*TASK DESCRIPTION*
Copy only the lines from the one containing "Валіза Rolling Luggage Lilac" through the final line of the records below, exactly as written, with no pictures.

*THE INPUT*
((
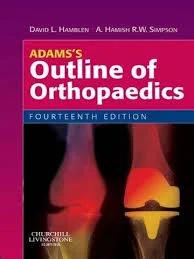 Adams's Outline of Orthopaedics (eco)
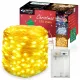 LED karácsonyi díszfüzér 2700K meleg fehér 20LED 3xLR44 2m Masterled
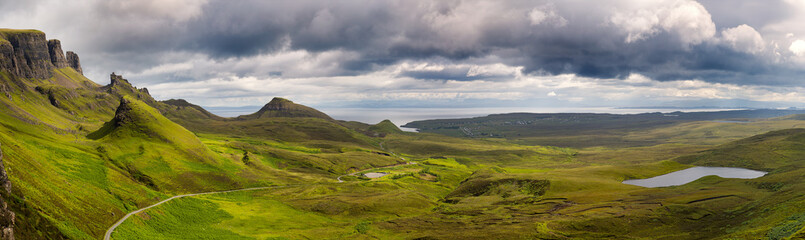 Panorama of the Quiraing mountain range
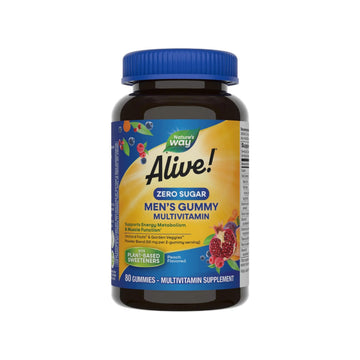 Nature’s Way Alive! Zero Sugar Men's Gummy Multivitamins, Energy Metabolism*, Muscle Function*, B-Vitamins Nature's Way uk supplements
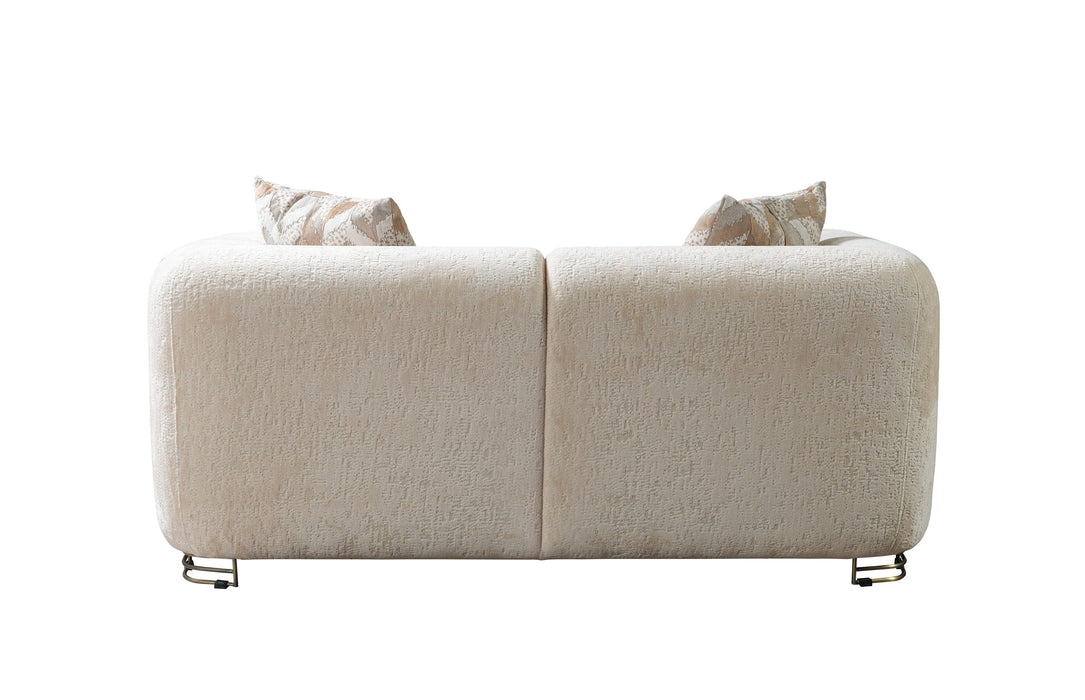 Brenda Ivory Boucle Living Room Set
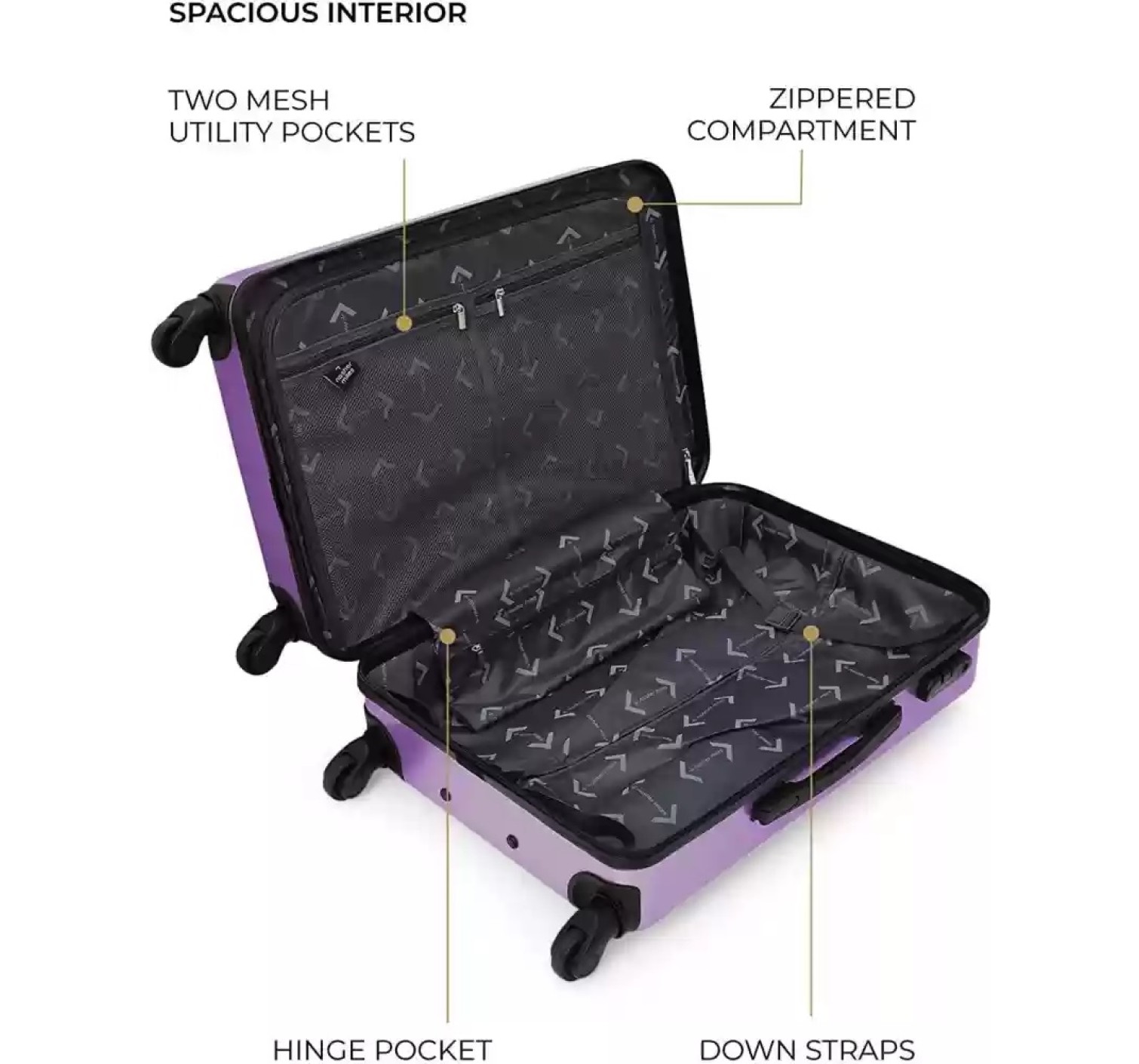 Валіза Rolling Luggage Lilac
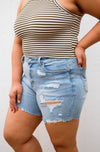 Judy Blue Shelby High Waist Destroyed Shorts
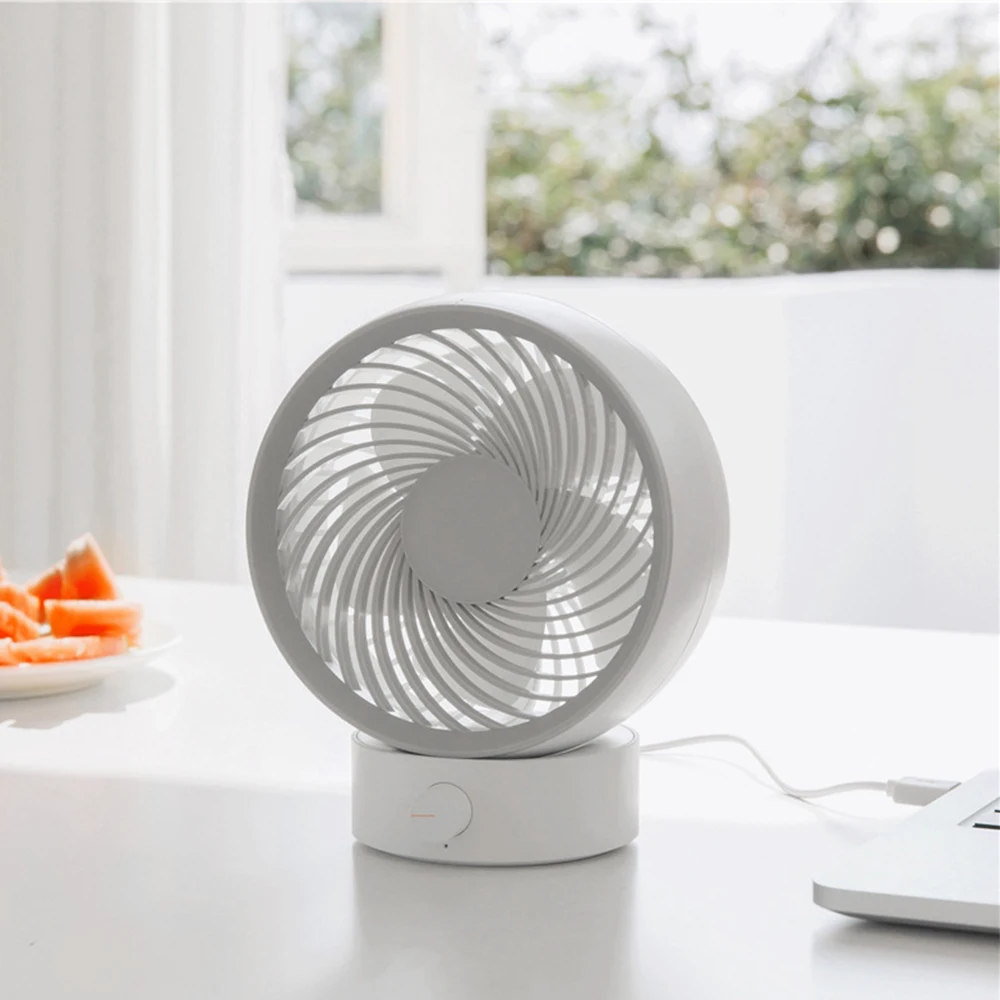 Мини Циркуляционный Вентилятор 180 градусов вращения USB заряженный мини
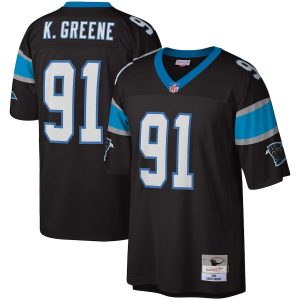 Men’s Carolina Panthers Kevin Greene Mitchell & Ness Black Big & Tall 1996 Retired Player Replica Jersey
))
*FINAL ANSWER*
 Валіза Rolling Luggage Lilac
 Judy Blue Shelby High Waist Destroyed Shorts
 Мини Циркуляционный Вентилятор 180 градусов вращения USB заряженный мини
 Men’s Carolina Panthers Kevin Greene Mitchell & Ness Black Big & Tall 1996 Retired Player Replica Jersey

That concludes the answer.